HOLDING ELECTIONS IN NOVEMBER ON THE SAME BALLOT WITH PRESIDENTIAL AND GUBERNATORIAL ELECTIONS
It is often challenging for voters to become adequately informed about all of the candidates that they find on the ballot. The longer the ballot, the more difficult the challenge. If we add to the length of the November ballots, I would worry that scrutiny of candidates for city office will be further reduced. Here are some final thoughts:
The current charter system was designed to create a strong Mayor capable of providing firm leadership for the city. Tulsa's system is very much like that in most other American cities. It is the Mayor's duty to provide leadership, including effective leadership of the City Council.

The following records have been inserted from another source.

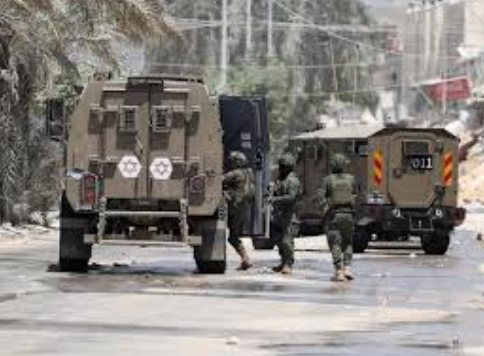 الاحتلال يداهم منازل في طلوزة والباذان شمال نابلس ومناطق في الخليل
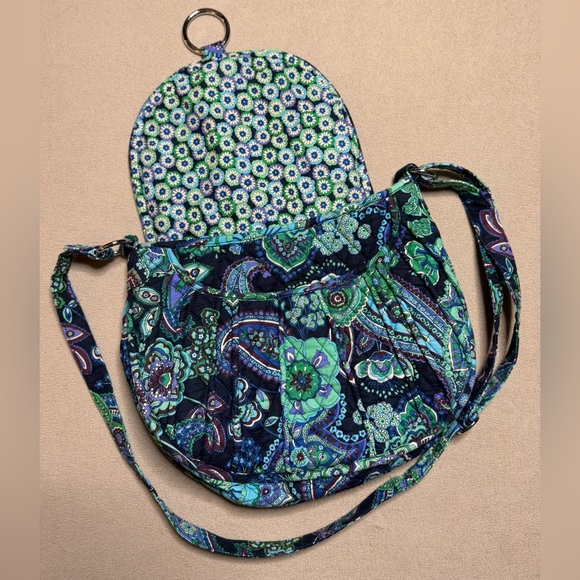 Vera Bradley Magnetic Flap Over Bag Excellent Condition - Picture 5 of 9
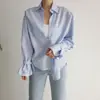 Camisa feminina simples de design early spring, estilo francês chique coreano, com listras finas, solta e de manga longa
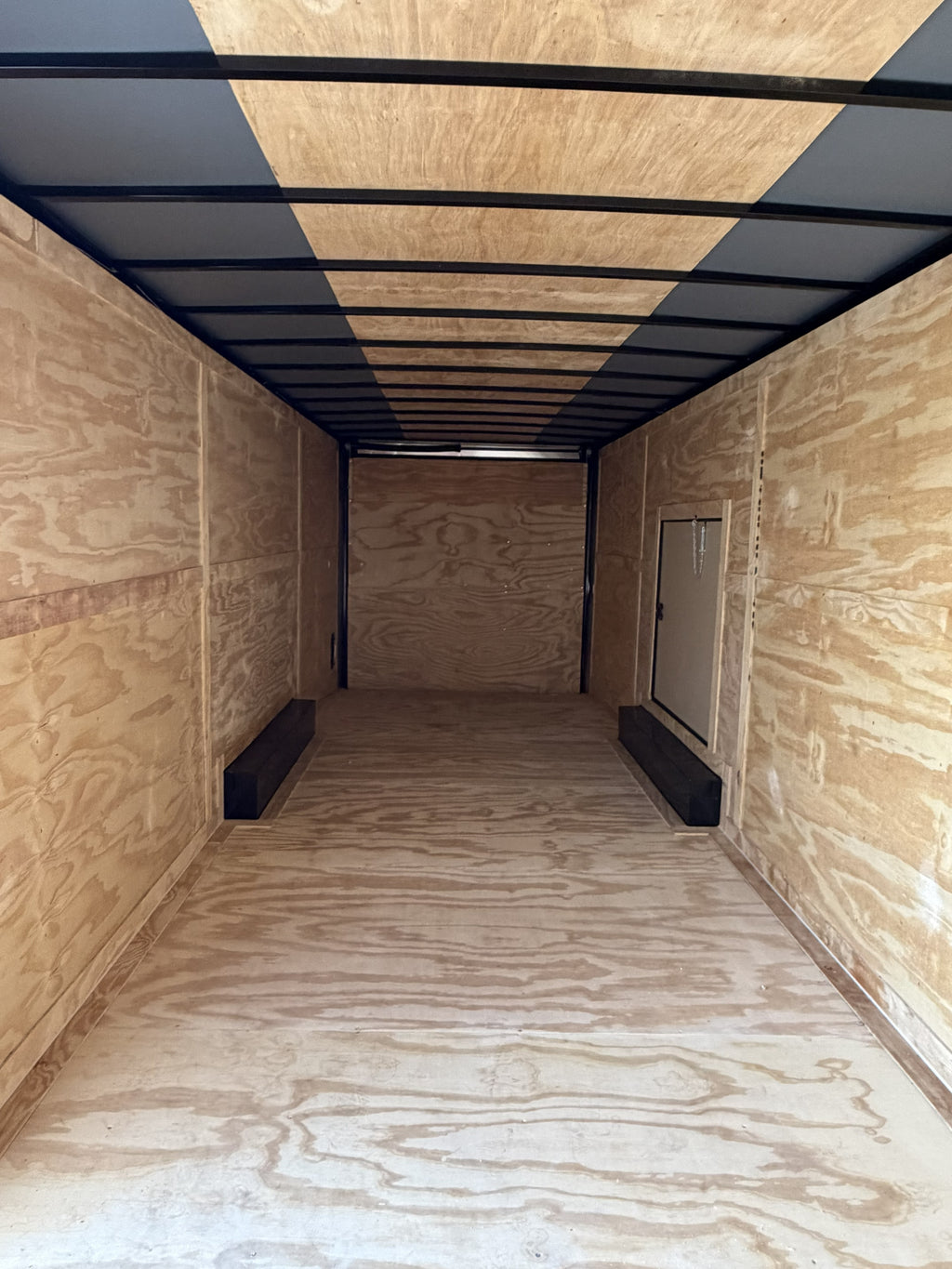 8.5X28TA3 White Standard Car Hauler Trailer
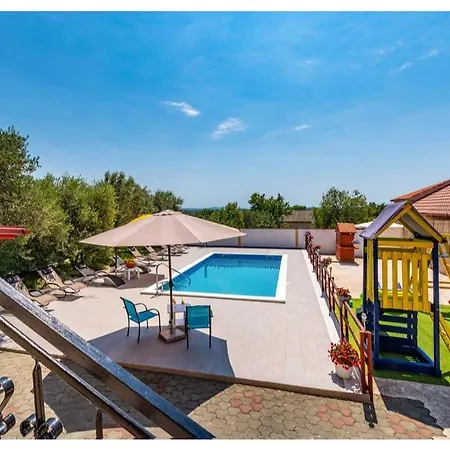 Holiday Home Vesna 公寓 *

Tulsa is better off keeping a strong-mayor form of government and we should be cautious of changes that would weaken the office of Mayor. In addition, we should be cautious of making permanent structural changes simply in response to temporary personality issues that may affect current relations between the Mayor and Council.
When I was Mayor, we had some very difficult members of the City Council. It was my job to bring them along in a constructive way; this was just part of my job, though not always enjoyable. Of course, I benefited greatly from having served many years in the Oklahoma legislature and I was well familiar with how legislative groups (like a City Council) thought and functioned. Consequently, I suspect that sometimes I understood what was going on in the minds of the City Councilors better than they did themselves. This helped me stay ahead of the game in dealing with them.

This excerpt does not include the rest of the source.